WHAT IS REQUIRED >> Search the records for the word "Male" and report each line that has it.

++++ LISTED RECORDS

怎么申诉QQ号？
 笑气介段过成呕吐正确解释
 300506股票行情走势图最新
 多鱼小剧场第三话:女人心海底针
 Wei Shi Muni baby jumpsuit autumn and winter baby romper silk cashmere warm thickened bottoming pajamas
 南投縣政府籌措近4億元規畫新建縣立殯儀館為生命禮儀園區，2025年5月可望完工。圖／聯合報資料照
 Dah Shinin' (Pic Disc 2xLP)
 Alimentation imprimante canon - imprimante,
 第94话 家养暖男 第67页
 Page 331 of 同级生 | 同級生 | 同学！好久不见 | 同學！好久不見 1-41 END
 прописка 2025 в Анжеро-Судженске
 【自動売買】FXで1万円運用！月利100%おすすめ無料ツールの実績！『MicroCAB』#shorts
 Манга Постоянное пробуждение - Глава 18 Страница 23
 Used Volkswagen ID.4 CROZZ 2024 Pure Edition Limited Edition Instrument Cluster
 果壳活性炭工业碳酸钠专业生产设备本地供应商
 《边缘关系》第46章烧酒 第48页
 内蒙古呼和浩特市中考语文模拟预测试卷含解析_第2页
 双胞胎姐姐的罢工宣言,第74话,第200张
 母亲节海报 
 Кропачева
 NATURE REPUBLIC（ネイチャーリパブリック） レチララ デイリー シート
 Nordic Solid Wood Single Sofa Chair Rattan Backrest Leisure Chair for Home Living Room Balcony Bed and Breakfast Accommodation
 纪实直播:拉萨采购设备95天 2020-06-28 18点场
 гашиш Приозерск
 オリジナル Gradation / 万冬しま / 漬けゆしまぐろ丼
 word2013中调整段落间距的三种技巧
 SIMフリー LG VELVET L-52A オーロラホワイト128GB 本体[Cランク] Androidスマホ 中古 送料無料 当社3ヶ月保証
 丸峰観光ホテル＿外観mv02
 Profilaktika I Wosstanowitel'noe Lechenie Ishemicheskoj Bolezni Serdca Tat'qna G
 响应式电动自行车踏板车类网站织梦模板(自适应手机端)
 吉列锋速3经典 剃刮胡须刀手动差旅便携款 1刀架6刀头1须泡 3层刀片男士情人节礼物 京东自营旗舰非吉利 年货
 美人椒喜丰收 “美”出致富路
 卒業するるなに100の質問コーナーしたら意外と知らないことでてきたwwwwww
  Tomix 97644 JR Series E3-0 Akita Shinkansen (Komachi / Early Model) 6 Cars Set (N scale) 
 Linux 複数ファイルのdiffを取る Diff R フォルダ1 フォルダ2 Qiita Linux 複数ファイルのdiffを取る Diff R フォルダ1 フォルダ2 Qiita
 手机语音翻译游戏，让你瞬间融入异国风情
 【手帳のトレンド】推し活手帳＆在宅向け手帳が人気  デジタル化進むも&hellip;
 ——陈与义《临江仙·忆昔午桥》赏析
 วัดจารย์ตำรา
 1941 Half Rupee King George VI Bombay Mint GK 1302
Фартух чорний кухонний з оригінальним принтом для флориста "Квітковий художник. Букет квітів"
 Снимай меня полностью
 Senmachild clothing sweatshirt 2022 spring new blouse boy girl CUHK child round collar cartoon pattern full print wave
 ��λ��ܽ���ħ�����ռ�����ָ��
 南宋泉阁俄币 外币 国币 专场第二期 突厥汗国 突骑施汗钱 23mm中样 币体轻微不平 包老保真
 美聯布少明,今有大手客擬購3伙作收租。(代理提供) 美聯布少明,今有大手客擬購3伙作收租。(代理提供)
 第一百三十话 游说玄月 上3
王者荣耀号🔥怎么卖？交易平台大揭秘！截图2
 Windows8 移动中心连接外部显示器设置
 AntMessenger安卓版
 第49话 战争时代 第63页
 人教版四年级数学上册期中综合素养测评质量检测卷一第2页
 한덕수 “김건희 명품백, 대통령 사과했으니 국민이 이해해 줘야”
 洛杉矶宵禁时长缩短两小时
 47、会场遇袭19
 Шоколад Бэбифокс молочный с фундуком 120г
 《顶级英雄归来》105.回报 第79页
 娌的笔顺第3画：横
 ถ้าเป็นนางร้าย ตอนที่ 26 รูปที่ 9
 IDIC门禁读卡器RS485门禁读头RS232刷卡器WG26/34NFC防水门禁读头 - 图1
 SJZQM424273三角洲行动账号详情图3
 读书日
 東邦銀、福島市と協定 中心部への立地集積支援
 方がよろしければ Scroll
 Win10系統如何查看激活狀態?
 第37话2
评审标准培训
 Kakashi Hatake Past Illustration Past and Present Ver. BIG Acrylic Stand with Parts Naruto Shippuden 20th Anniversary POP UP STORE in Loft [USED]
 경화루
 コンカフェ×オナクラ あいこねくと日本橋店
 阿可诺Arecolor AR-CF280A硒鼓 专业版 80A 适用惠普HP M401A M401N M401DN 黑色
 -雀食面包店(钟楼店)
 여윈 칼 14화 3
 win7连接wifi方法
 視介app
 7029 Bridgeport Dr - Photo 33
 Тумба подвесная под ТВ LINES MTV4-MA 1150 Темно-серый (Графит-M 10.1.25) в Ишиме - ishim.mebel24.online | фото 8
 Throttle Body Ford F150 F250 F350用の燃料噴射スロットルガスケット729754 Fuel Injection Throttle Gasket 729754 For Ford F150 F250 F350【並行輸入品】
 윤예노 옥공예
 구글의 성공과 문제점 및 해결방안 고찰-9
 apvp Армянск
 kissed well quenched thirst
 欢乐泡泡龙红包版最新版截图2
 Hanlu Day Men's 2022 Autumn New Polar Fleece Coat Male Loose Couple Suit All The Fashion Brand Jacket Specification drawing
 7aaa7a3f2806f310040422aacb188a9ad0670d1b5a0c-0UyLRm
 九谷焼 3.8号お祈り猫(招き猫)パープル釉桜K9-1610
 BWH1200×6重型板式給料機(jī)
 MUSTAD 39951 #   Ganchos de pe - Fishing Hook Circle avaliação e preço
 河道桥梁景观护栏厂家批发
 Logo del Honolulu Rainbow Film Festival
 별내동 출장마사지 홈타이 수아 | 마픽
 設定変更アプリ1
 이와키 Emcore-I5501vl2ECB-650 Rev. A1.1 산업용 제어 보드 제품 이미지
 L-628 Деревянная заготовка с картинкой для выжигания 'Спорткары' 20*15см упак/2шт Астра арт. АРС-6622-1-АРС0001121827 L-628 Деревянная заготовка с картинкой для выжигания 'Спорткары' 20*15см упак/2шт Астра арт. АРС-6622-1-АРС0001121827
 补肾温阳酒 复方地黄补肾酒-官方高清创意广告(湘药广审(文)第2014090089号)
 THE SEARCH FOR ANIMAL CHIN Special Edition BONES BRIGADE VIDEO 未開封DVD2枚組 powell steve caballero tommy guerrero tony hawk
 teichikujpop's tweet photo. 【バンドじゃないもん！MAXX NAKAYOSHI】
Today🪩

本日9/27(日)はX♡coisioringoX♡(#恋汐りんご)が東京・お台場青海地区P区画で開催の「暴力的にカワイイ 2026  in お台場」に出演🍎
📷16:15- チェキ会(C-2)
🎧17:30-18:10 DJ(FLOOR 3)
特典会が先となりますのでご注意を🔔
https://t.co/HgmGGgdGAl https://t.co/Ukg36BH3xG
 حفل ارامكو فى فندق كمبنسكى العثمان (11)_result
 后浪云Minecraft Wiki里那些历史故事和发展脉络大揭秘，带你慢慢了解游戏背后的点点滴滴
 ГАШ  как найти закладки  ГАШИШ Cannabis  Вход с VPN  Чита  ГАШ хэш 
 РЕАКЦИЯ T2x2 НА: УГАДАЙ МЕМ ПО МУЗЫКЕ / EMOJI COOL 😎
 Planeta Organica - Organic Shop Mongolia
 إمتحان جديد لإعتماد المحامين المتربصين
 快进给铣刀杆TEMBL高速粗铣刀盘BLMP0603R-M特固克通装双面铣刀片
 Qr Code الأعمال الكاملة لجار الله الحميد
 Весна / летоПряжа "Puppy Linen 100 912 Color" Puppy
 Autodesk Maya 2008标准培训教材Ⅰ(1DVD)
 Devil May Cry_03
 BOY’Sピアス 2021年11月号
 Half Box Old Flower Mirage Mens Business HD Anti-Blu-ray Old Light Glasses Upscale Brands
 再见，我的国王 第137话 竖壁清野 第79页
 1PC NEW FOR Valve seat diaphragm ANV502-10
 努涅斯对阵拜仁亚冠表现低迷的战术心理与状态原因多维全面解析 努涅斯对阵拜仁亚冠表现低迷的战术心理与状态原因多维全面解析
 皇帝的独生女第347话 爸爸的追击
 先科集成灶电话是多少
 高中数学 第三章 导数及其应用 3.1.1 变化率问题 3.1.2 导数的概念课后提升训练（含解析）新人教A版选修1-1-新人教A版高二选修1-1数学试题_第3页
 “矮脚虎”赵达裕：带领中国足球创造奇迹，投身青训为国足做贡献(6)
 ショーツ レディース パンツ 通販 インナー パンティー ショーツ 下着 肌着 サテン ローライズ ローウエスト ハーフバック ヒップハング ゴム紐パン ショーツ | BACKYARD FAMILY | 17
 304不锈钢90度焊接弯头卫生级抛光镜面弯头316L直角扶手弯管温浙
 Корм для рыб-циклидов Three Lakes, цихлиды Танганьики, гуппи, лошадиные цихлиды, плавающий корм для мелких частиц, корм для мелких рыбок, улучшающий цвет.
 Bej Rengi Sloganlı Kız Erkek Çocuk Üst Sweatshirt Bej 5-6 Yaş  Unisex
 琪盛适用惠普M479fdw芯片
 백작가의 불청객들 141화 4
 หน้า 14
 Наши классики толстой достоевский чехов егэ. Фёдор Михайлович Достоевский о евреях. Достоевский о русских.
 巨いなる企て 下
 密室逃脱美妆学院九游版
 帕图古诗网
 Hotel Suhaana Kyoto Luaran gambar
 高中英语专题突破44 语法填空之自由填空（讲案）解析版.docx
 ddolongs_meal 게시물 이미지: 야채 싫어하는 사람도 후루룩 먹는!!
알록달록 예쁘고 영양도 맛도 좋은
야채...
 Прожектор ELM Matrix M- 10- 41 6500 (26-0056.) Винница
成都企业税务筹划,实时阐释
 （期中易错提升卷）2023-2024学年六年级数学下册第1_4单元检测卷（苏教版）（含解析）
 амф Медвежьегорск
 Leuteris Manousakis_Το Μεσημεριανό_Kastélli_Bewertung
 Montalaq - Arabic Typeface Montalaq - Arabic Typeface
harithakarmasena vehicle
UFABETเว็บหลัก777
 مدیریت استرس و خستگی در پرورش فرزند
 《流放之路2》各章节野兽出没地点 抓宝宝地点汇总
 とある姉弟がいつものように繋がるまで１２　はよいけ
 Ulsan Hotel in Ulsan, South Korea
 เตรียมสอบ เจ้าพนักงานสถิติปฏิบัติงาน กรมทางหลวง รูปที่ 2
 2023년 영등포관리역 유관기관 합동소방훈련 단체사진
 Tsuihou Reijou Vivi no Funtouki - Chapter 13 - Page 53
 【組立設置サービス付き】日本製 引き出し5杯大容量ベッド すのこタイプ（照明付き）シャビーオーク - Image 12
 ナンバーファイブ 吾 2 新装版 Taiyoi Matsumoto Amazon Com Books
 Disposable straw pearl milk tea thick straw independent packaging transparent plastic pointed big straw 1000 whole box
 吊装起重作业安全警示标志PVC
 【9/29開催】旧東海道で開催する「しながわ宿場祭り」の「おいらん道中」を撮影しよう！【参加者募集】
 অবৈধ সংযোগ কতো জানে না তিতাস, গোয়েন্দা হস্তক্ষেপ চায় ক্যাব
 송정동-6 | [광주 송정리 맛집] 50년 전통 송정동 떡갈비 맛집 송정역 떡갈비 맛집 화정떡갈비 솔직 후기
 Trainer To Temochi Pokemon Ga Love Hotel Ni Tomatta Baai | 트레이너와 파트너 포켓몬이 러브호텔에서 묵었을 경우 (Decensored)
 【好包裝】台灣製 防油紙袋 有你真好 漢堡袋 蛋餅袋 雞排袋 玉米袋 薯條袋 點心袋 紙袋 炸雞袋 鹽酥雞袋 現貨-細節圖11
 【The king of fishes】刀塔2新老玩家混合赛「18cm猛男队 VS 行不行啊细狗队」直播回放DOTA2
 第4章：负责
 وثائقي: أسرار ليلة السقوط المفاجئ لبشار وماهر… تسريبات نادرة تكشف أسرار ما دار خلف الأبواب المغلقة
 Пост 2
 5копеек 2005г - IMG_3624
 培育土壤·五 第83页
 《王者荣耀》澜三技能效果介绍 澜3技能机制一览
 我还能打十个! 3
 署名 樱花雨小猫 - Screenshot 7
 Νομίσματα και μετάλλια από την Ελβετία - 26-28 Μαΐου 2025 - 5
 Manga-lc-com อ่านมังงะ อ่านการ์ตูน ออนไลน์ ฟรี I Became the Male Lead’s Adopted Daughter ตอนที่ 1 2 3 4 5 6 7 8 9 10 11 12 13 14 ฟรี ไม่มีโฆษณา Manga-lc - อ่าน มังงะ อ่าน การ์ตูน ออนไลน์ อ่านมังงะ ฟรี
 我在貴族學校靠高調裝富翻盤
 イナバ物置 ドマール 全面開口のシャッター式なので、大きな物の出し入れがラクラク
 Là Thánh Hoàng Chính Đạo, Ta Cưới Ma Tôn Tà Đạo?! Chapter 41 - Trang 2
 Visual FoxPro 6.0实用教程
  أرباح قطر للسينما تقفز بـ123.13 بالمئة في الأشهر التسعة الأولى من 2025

++++++++

ANSWER TO THIS PROBLEM >>
 Hanlu Day Men's 2022 Autumn New Polar Fleece Coat Male Loose Couple Suit All The Fashion Brand Jacket Specification drawing
 Manga-lc-com อ่านมังงะ อ่านการ์ตูน ออนไลน์ ฟรี I Became the Male Lead’s Adopted Daughter ตอนที่ 1 2 3 4 5 6 7 8 9 10 11 12 13 14 ฟรี ไม่มีโฆษณา Manga-lc - อ่าน มังงะ อ่าน การ์ตูน ออนไลน์ อ่านมังงะ ฟรี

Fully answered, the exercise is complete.